The best way to store graphs is of course to use a native graph db :-)
Take a look at neo4j.
It's implemented in Java and has Python and Ruby bindings as well.
I wrote up two wiki pages with simple examples of domain models represented as graphs using neo4j: assembly and roles. More examples are found on the domain modeling gallery page.
I know nothing about flood control facilities. But I would take the first facility. And use a temp table and a while loop to generate the path.
-- Pseudo Code
TempTable (LastNode, CurrentNode, N)
DECLARE #intN INT
SET #intN = 1
INSERT INTO TempTable(LastNode, CurrentNode, N)
-- Insert first item in list with no up stream items...call this initial condition
SELECT LastNode, CurrentNode, #intN
FROM your table
WHERE node has nothing upstream
WHILE #intN <= 3500
BEGIN
SEt #intN = #intN + 1
INSERT INTO TempTable(LastNode, CurrentNode, N)
SELECT LastNode, CurrentNode, #intN
FROM your table
WHERE LastNode IN (SELECT CurrentNode FROM TempTable WHERE N = #intN-1)
IF ##ROWCOUNT = 0
BREAK
END
If we assume that every node points to one child.

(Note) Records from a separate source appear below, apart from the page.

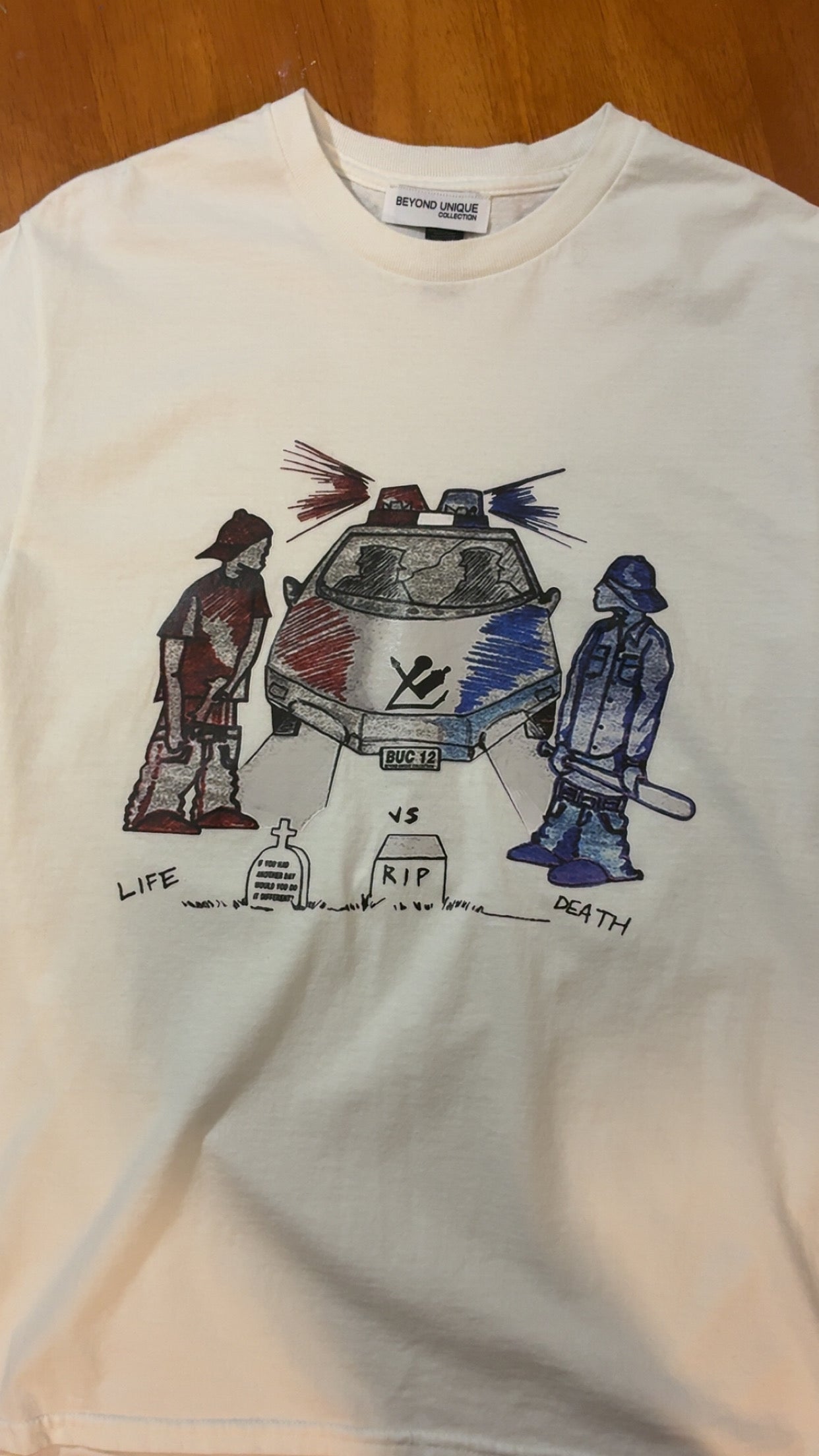 "BLACK ON BOTH SIDES" SHORT SLEEVE T-SHIRT (LIMITED ADDITION) HAND DRAWN ORIGINAL ARTWORK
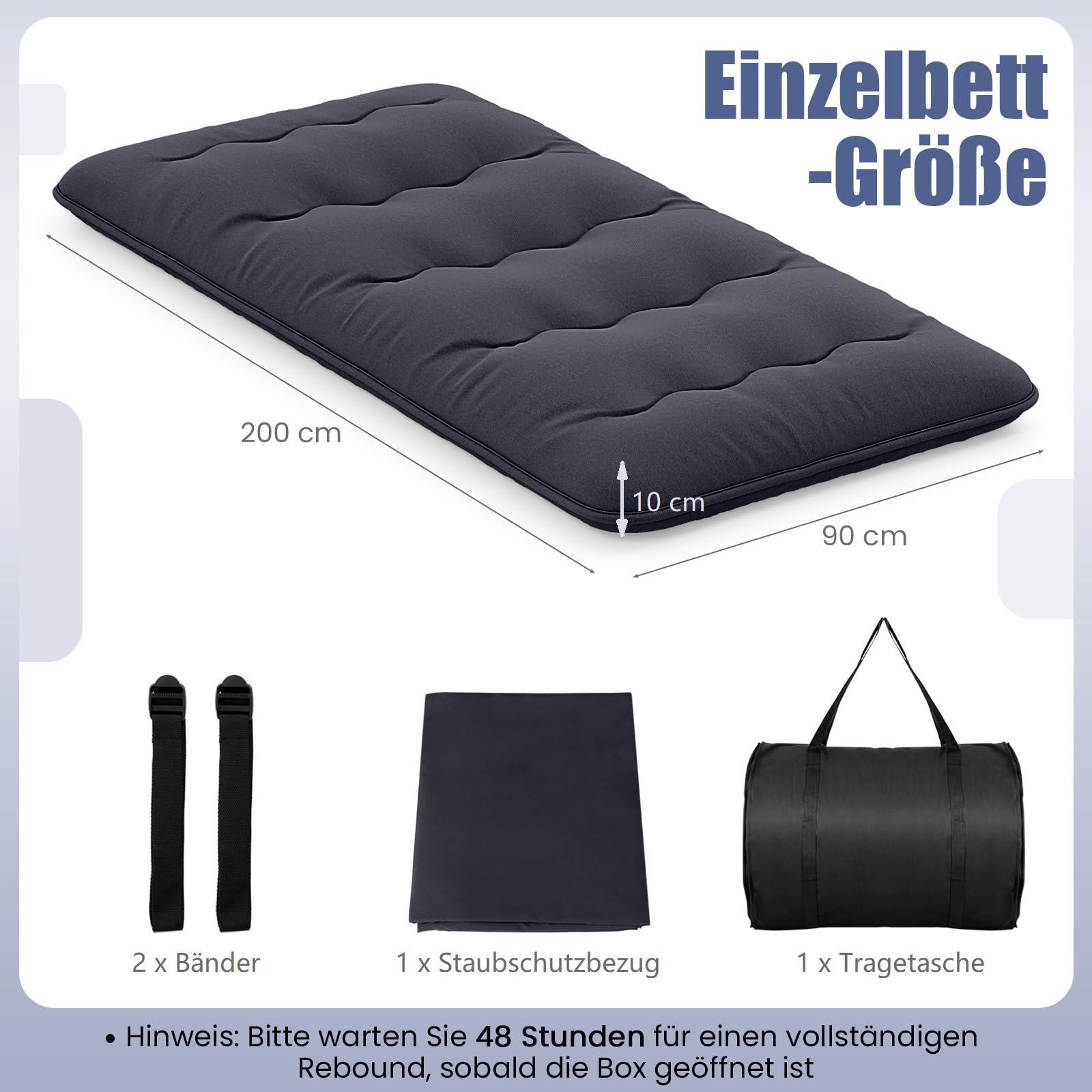 GIANTEX Japanische Futon Matratze 90x200 cm, Bodenmatratze 10cm Dicke, Tatami Matte Futonmatratze Faltbar & Tragbar, Klappmatratze Faltmatratze für Tatami, Rollmatratze mit Abnehmbarer Bezug
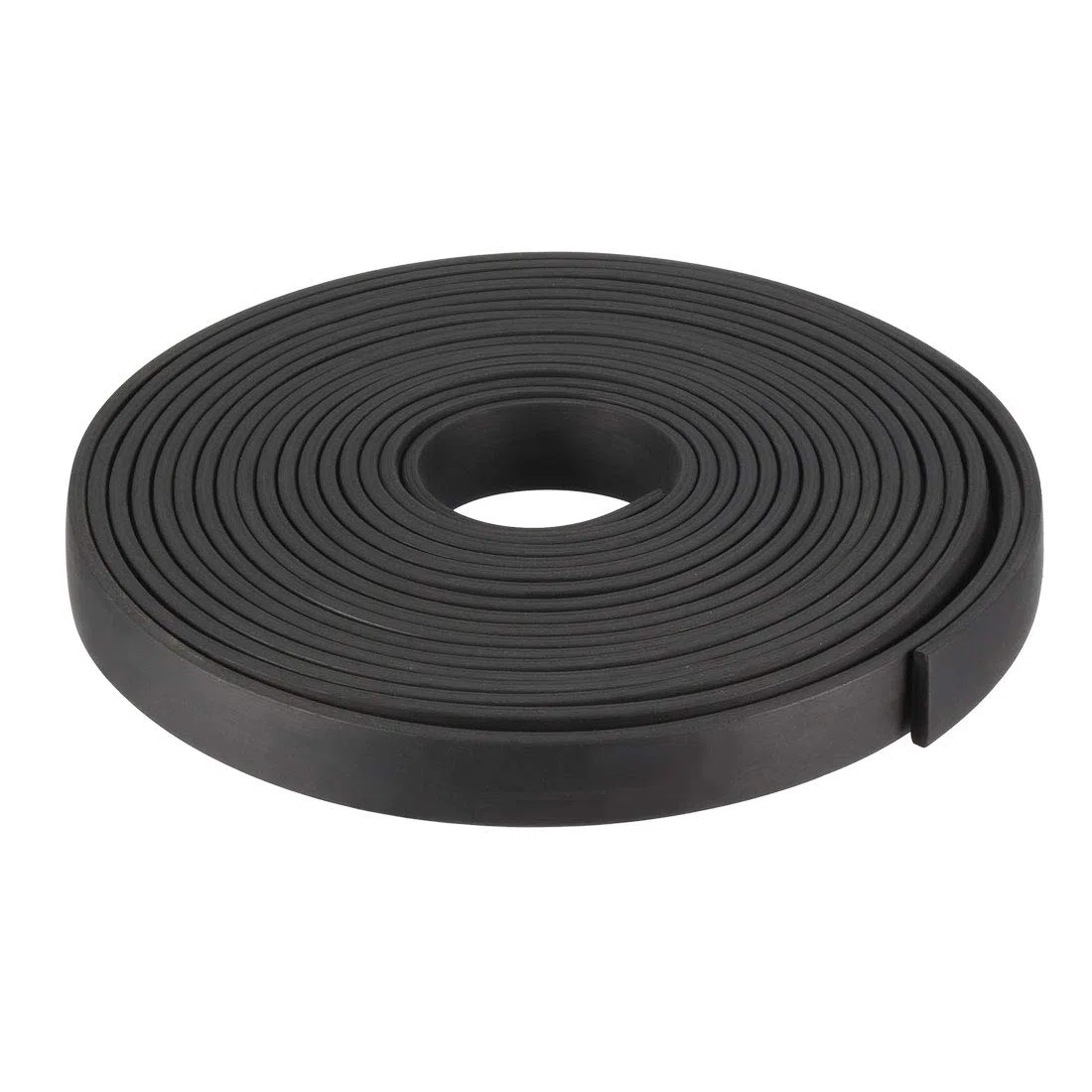sourcing map Sólido Rectángulo Goma Sello Tira 15mm Wide 3mm Grosor, 5 Metros Largo Negro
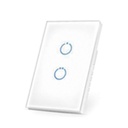 SMARTHOME BY EPCOM (ZWAVE) Interruptor On/Off panel táctil touch inalámbrico Zwave Plus 2 botones. No requiere cable neutro, Compatible con Hubitat HC8, Álula  M2M, otros 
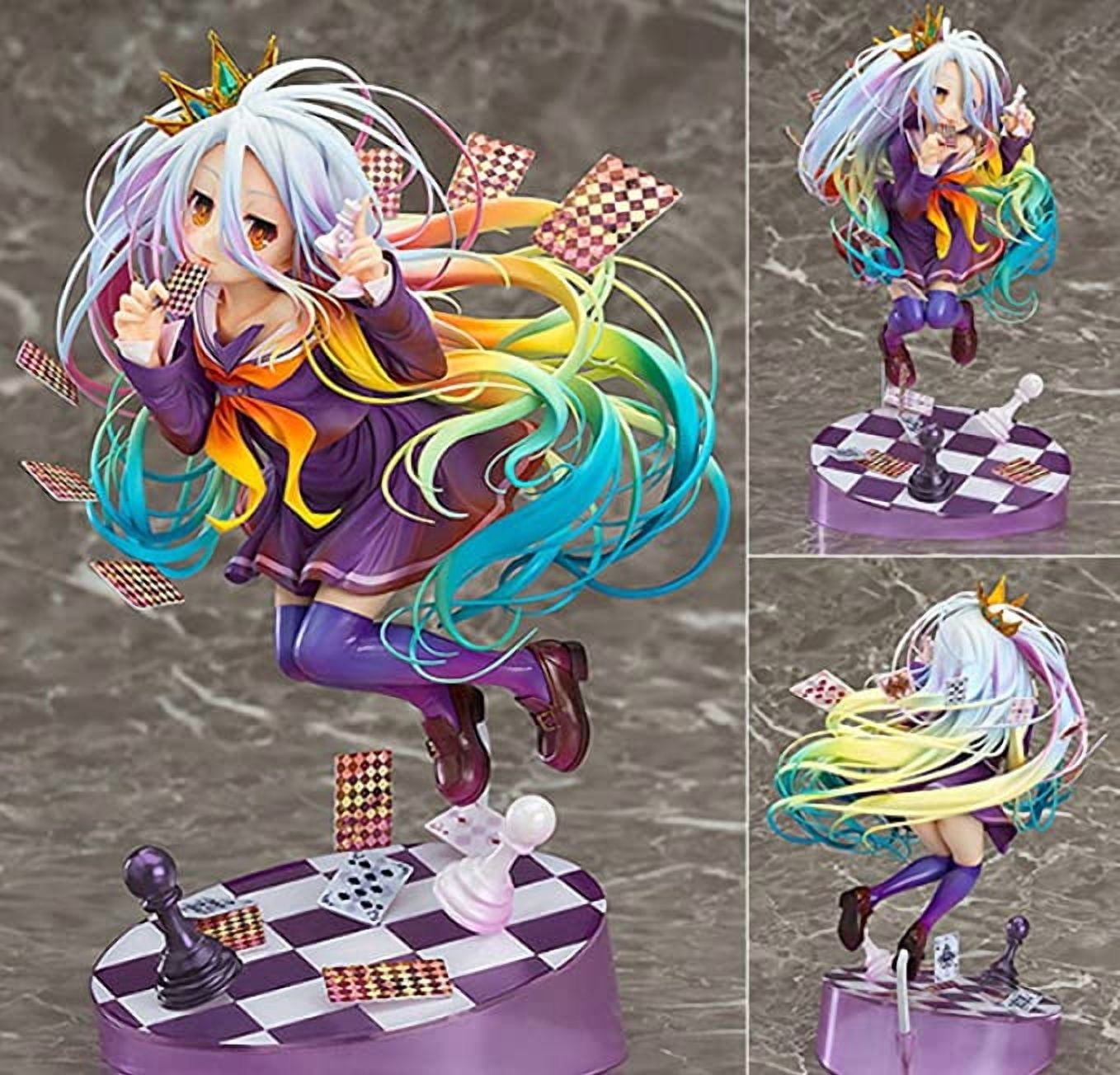 No Game No Life Anime Figure Shiro/Doll with Game Accessories/PVC Character Figures Desktop Figures 7.87 Inch
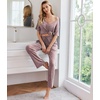 image:imageEkouaer Womens Ribbed Knit Lounge Set Short Sleeve Top and Long Pants Sleepwear Pajama Set Two Piece Matching Outfits SetLight Purple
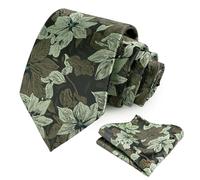 Alizeal Mens Tie with Hanky Set Floral Silky for Wedding Party Necktie and Handkerchief Set, Sage Green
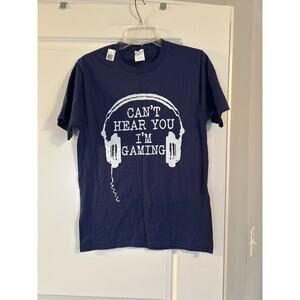 NWT Men's Size Small T-Shirt Navy Blue Can't Hear You I'm Gaming Short Sleeve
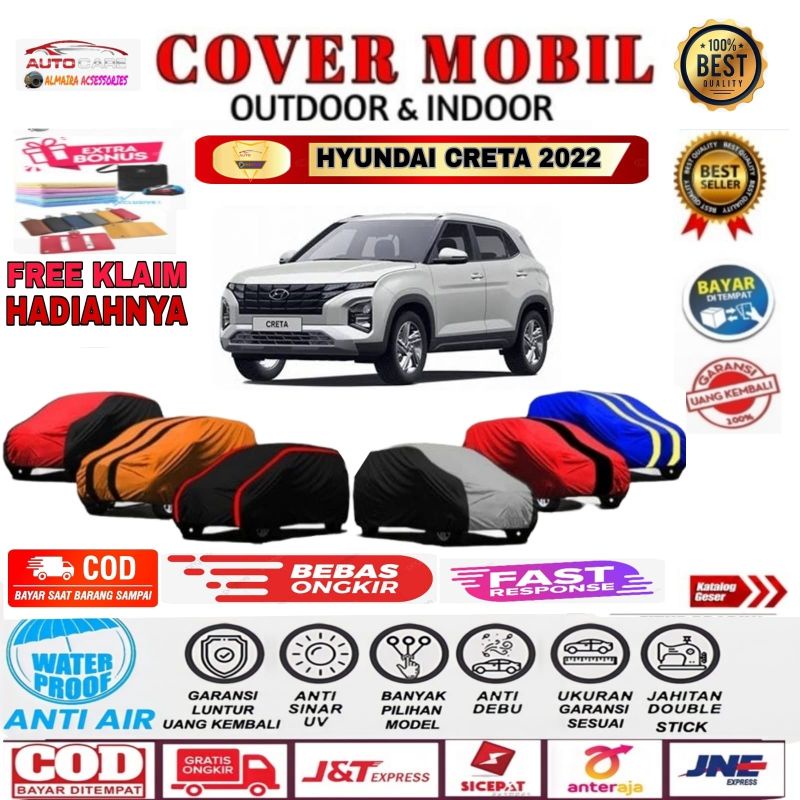 Cover Mobil Hyundai CRETA 2022 Sarung Mobil Hyundai Creta Outdoor Indoor Selimut Mantel Mobil Creta Kerudung Mobil Hyundai Creta Waterproof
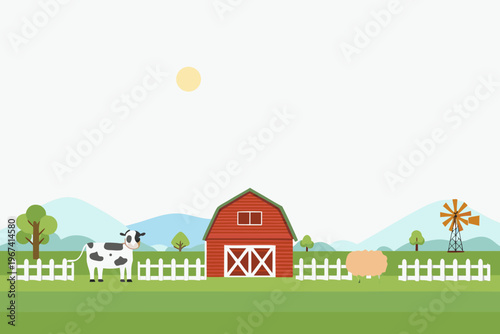 A serene farm scene featuring a red barn cow and rolling hills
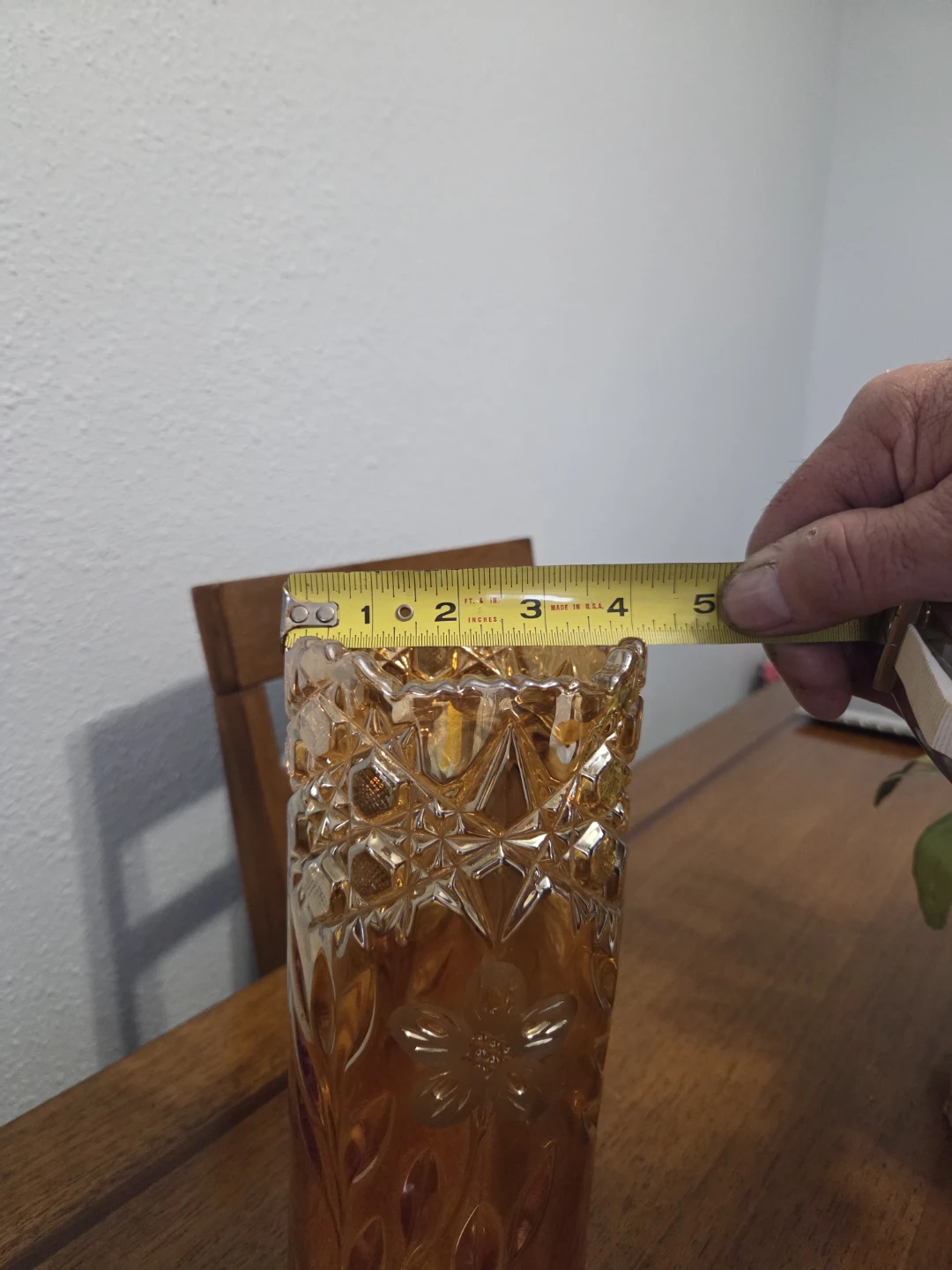 Amber Glass Vase with Floral Embossing - photo 4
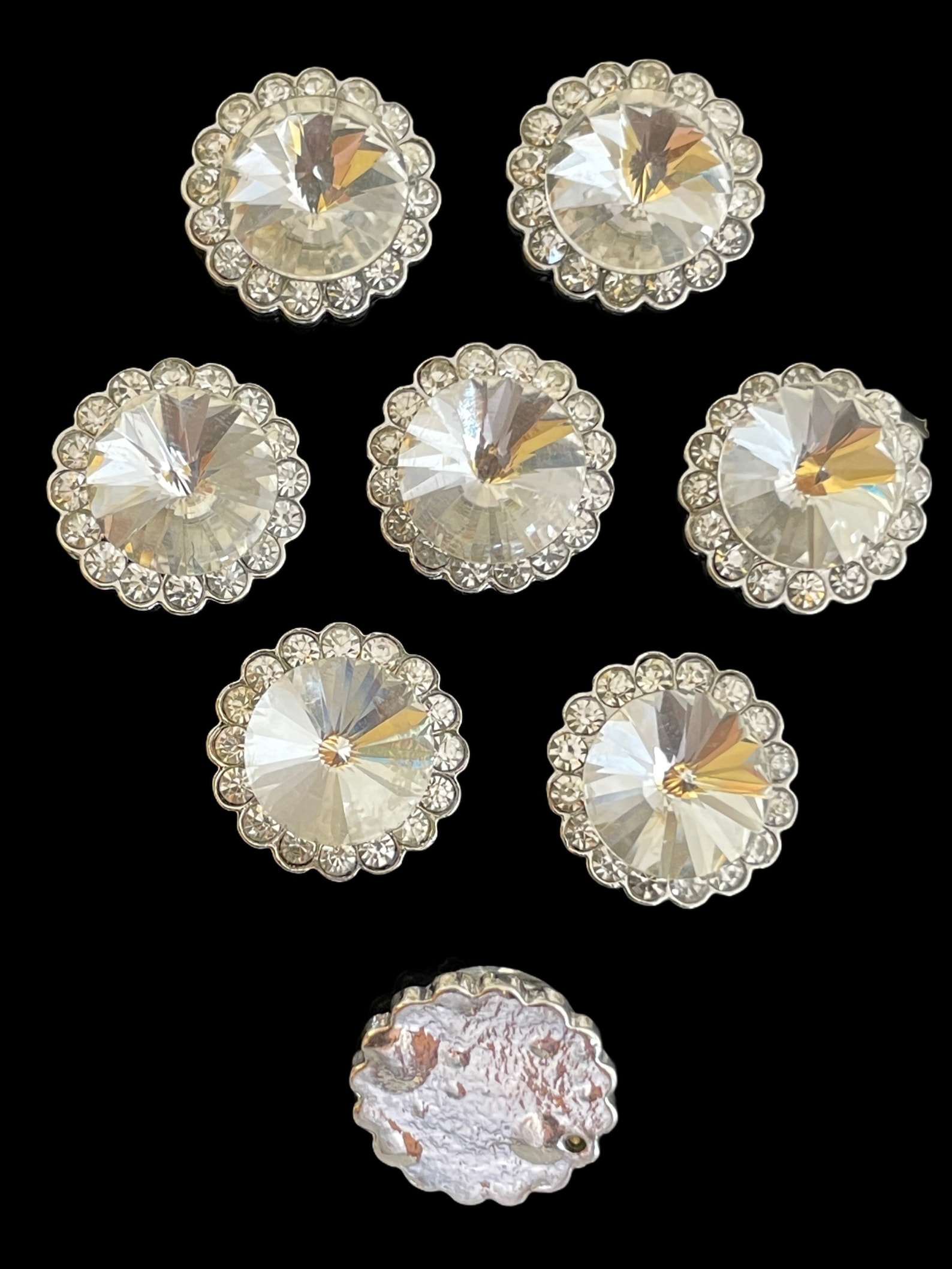30 Pcs CLEAR Crystal Rhinestone Assorted Embellishment Buttons Flatback ...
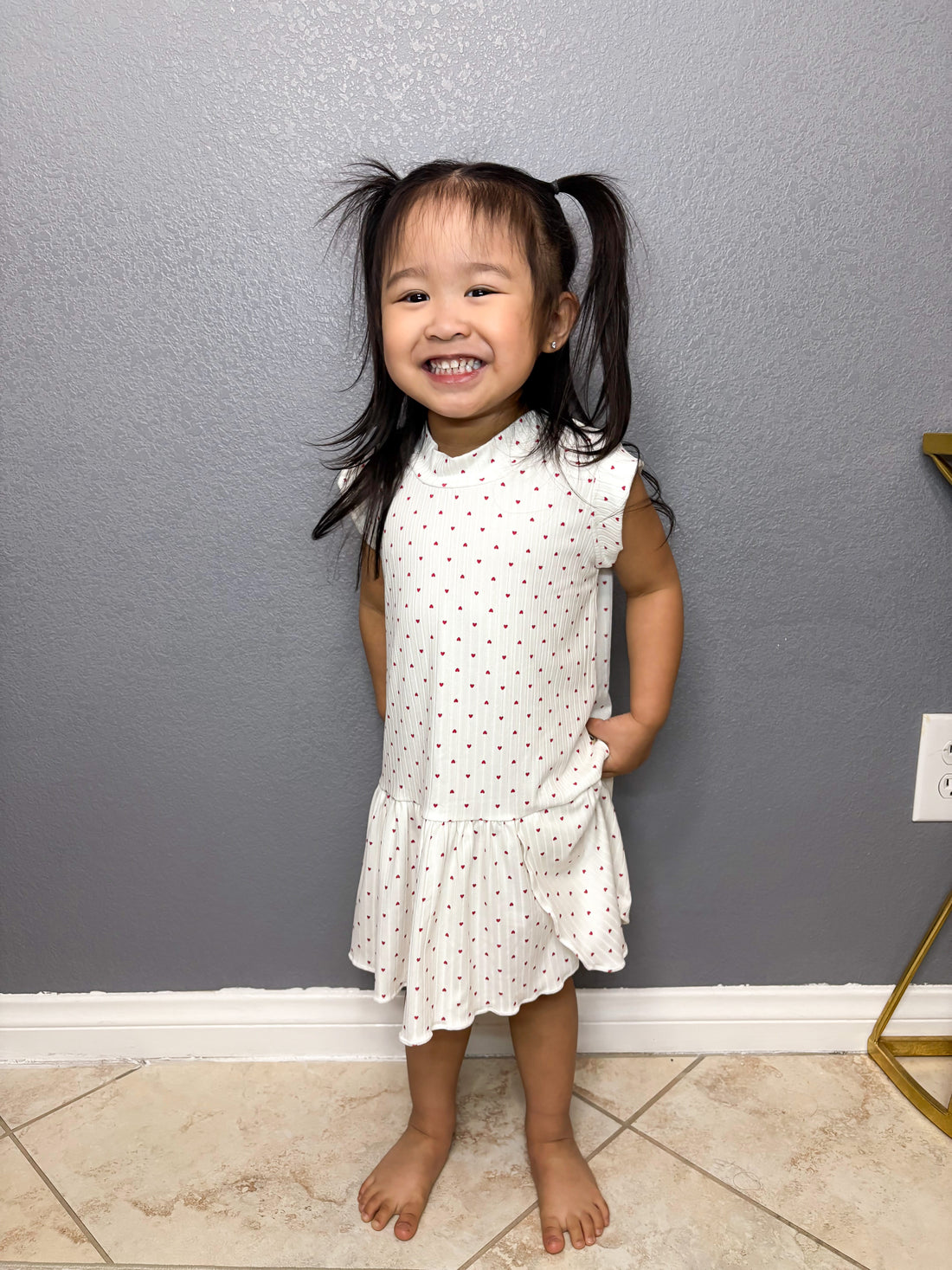 Little Red Hearts Ribbed Dress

Then this should take no longer than 3500 iterations. If multiple nodes have the same upstream provider then it will take less. But more importantly, this lets you do this...
SELECT LastNode, CurrentNode, N
FROM TempTable
ORDER BY N
And that will let you see if there are any loops or any other issues with your provider. Incidentally 3500 rows is not that much so even in the worst case of each provider pointing to a different upstream provider, this should not take that long.
Traditionally graphs are either represented by a matrix or a vector. The matrix takes more space, but is easier to process(3500x3500 entries in your case); the vector takes less space(3500 entries, each have a list of who they connect to).
Does that help you?
i think your data structure is fine (for SQL Server) but a CTE may not be the most efficient solution for your queries. You might try making a stored procedure that traverses the graph using a temp table as a queue instead, this should be more efficient.
the temp table can also be used to eliminate cycles in the graph, though there shouldn't be any
Yes (maybe). Your data set sounds relatively small, you could load the graph to memory as an adjacency matrix or adjacency list and query the graph directly - assuming you program.
As far as on-disk format, DOT is fairly portable/popular among others. It also seems pretty common to store a list of edges in a flat file format like:
vertex1 vertex2 {edge_label1}+
Where the first line of the file contains the number of vertices in the graph, and every line after that describes edges. Whether the edges are directed or undirected is up to the implementor. If you want explicit directed edges, then describe them using directed edges like:
vertex1 vertex2
vertex2 vertex1
My experiences with storing something like you described in a SQL Server database:
I was storing a distance matrix, telling how long does it take to travel from point A to point B. I have done the naive representation and stored them directly into a table called distances with columns A,B,distance,time.
This is very slow on simple retreival. I found it is lot better to store my whole matrix as text. Then retreive it into memory before the computations, create an matrix struxture in memory and work with it there.
I could provide with some code, but it would be C#.